## Instructions to follow:
For this exercise, retype all the data exactly and exclude every image.

## Collected material:
____
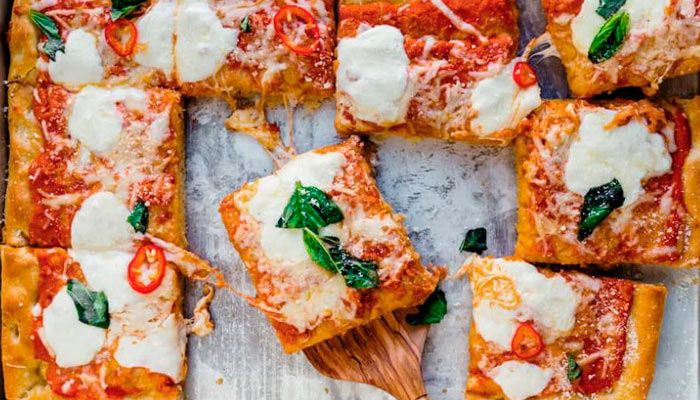 Focaccia de tomate, cebolla dulce y queso de cabra (150gr)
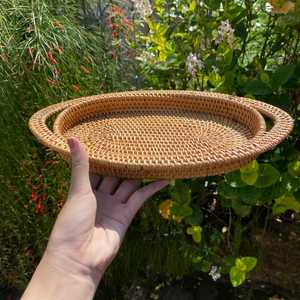 Bandeja ovalada de ratán Bali para uso en la cocina para servir comida - Product Image 4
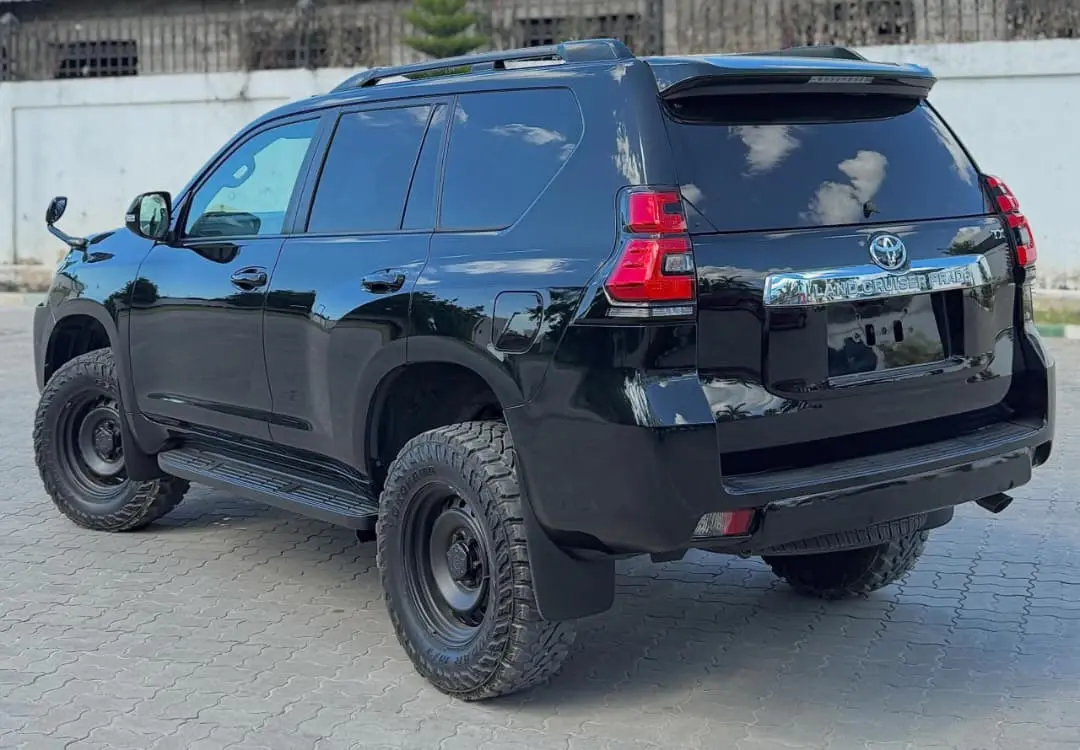 Toyota Land Cruiser Prado 150 (2020) thumbnail 3
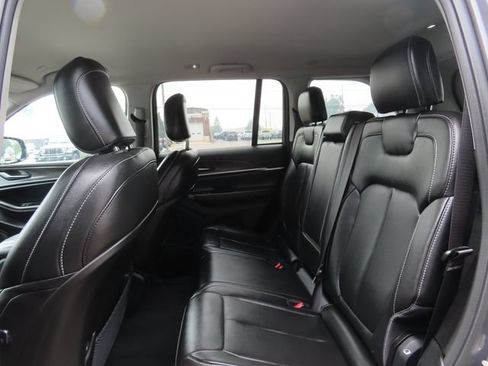 Used 2023 Jeep Grand Cherokee Limited AWD/4WD image 24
____
## Answer section:
 Focaccia de tomate, cebolla dulce y queso de cabra (150gr)
 Bandeja ovalada de ratán Bali para uso en la cocina para servir comida - Product Image 4
 Toyota Land Cruiser Prado 150 (2020) thumbnail 3
 Used 2023 Jeep Grand Cherokee Limited AWD/4WD image 24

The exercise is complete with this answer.